國人堅決不同意,還得讓惠公繼續干。但干也不能一切照舊,國人大會上,當場宣布一系列新政,《春秋》所載是:“作援田”、“作州兵”。這到底是啥意思,史學家至今也說不清,但肯定是對土地制度、收入分配制度和軍事體制做出了重大改革,這樣的改革當然不是臨時起意,必定是遲遲不決爭論甚久,而國人期盼甚久。
晉國在危機中更為團結。晉惠公,這個無能的君主,他有起碼的榮譽感和責任心,在失敗中做出了影響晉國命運的決斷。后來在他哥重耳手里,晉國幾乎轉瞬間成了霸主,并不僅是重耳本事大,基礎早已奠定。

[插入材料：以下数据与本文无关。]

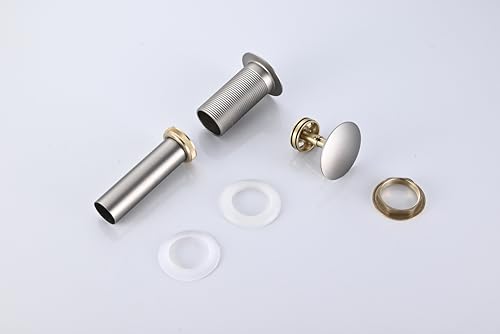 AVSIILE Brushed Nickel Bathroom Sink Drain Without Overflow Vessel Sink Lavatory Vanity Pop Up Drain Stopper, All Metal Rustproof Brass and 304 Stainless Steel - color: Brushed Nickel, style: Non-overflow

在危機時刻召集城邦國家的公民議決大事,這在春秋早期是一種普遍制度,《周禮·大司徒》云:“若國有大故,則致萬民于王門”,召集大會干什么?《小司寇》云:“一曰詢國危,二曰詢國遷,三曰詢立君。”可見,那時士以上的階層擁有某種源于傳統和倫理的公民權利。
這件事,起于何時,我不知,終于何時,我亦不知,大概自春秋晚期就不再復聞。
話說穆公擒了惠公回去,大張旗鼓,得意洋洋,先派人傳令回去,“全城上下,沐浴齋戒,本人要拿晉公祭上帝。”
這個上帝當然不是“GOD”,后來明代傳教士來華,苦于找不到一個中文詞翻譯“GOD”,翻了一堆中國古書,最后找到一個詞,正是“上帝”。這且不表,總之,現在穆公的打算是,把惠公和豬牛羊一起做了祭品。
很難說穆公是認真的還是開玩笑,反正命令是傳過去了。第二天,傳令的屁滾尿流跑回來:“不好了,不好了!娘娘要自焚了!”
上回書說道,穆公的太太是晉惠公的姐,該女士是堅決護娘家的,秦晉交戰她沒攔著,因為那不爭氣的弟弟把事做得過了分。現在,眼看弟弟就要變成一掛生肉了,這姑奶奶也真做得出來,命人在城門外用柴火搭起高臺,她帶著大兒子、二兒子和閨女,披麻戴孝登上去,放下話來:
只要我兄弟入了城門,我就點火!“若晉君朝以入,則婢子夕以死!夕以入,則朝以死!”他殺我弟弟,我就殺他老婆孩子,讓那狠心短命挨千刀的看著辦!
怎么辦?穆公一下子軟了,他知道那母大蟲潑娘們兒是真干得出來,城門是不能進了,傳令,把惠公暫且關在城外。
然后,自然是飛奔過去哄老婆,哄下了老婆,才開始研究論證拿這小舅子怎么辦,從家務事到天下事,權衡了一個遍,最終決定,放他回去。
惠公啟程返國那日,目送車駕遠去,穆公轉過頭來,換一張臉:老婆,怎么樣?我乖不?
正是,春秋多少事,盡在美人一笑中。